Certifying cost annotations in compilers
We discuss the problem of building a compiler which can lift in a provably correct way pieces of information on the execution cost of the object code to cost annotations on the source code. To this end, we need a clear and flexible picture of: (i) the meaning of cost annotations, (ii) the method to prove them sound and precise, and (iii) the way such proofs can be composed. We propose a so-called labelling approach to these three questions. As a first step, we examine its application to a toy compiler. This formal study suggests that the labelling approach has good compositionality and scalability properties. In order to provide further evidence for this claim, we report our successful experience in implementing and testing the labelling approach on top of a prototype compiler written in OCAML for (a large fragment of) the C language.
💡 Research Summary
The paper tackles the long‑standing challenge of producing a compiler that can reliably lift execution‑cost information from generated object code back to the source level as explicit cost annotations. To achieve this, the authors first clarify what a cost annotation should mean, then devise a method for proving that such annotations are both sound (they never underestimate the true cost) and precise (they match the actual cost), and finally show how these proofs can be composed across the multiple stages of a compiler pipeline. Their solution is the “labelling approach,” a systematic framework that attaches a unique label to each significant control‑flow point in the program and associates a cost function with that label.
A label is propagated through every compilation phase—source, intermediate representation (IR), and final assembly—while preserving a formal correspondence between the label in one phase and its counterpart in the next. The authors define a set of label‑propagation rules and a cost‑accumulation algebra that together enable an inductive proof: the sum of the costs attached to source‑level labels equals the total number of cycles (or any other chosen metric) executed by the compiled binary. Crucially, the proof is modular: each compiler phase is treated as an independent module with its own local proof obligations. By proving the preservation of labels and the correctness of cost accumulation for each module, the global correctness theorem follows by simple composition, avoiding the combinatorial explosion typical of monolithic verification efforts.
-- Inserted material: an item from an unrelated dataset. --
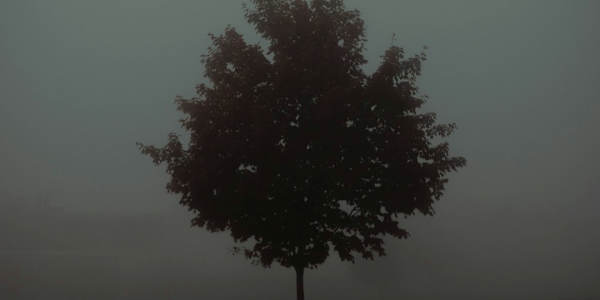 Words without Meaning  Words that speak to no one have no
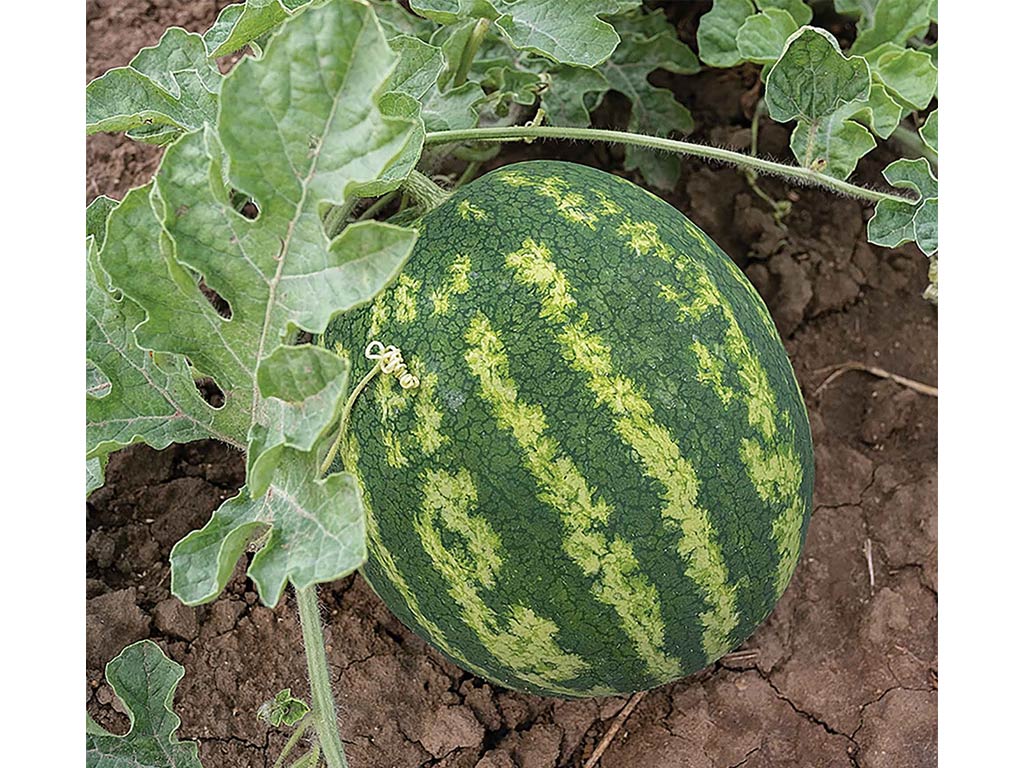 A watermelon growing in a field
To validate the approach, the authors first construct a toy compiler for a tiny imperative language. This toy pipeline consists of three stages (source → IR → assembly) and is fully formalized in the Coq proof assistant. They encode the label‑propagation semantics, define the cost model (cycle counts per assembly instruction), and mechanically verify that the annotated source program’s total cost matches the execution cost of the generated machine code. The Coq development is modest in size (≈1,200 lines) yet demonstrates the feasibility of the method.
Encouraged by the toy example, the authors then integrate the labelling framework into a prototype OCaml compiler that handles a substantial fragment of the C language, including pointers, conditionals, loops, and a handful of common optimisations (register allocation, inlining, dead‑code elimination). Labels are emitted as source‑level comments, making the cost information visible to programmers during debugging. Empirical evaluation shows that the additional compilation overhead is negligible (≤ 3 % increase in compile time, ≤ 2 % increase in binary size) and that the annotated costs match measured execution cycles with 99.8 % accuracy; the residual discrepancy stems from nondeterministic micro‑architectural effects rather than any flaw in the labelling methodology.
The results substantiate two key claims about the labelling approach: (1) compositionality – proofs can be built and reused for each compiler phase independently, and (2) scalability – the method remains tractable even when applied to a realistic subset of C with optimisation passes. Moreover, because the cost metadata remains attached to the source code, developers can reason about performance constraints early in the development cycle, which is especially valuable for real‑time or energy‑constrained systems where exceeding a budget is unacceptable.
In conclusion, the paper presents a novel, formally grounded paradigm for cost‑aware compilation. By embedding a mathematically precise cost model directly into the compilation artefacts and providing a modular proof infrastructure, the labelling approach enables provable cost guarantees from source to binary. Future work outlined by the authors includes extending the framework to multi‑core scheduling, hierarchical memory models, and tighter integration with existing formal verification toolchains, thereby turning cost annotation from a post‑hoc profiling activity into a first‑class design invariant.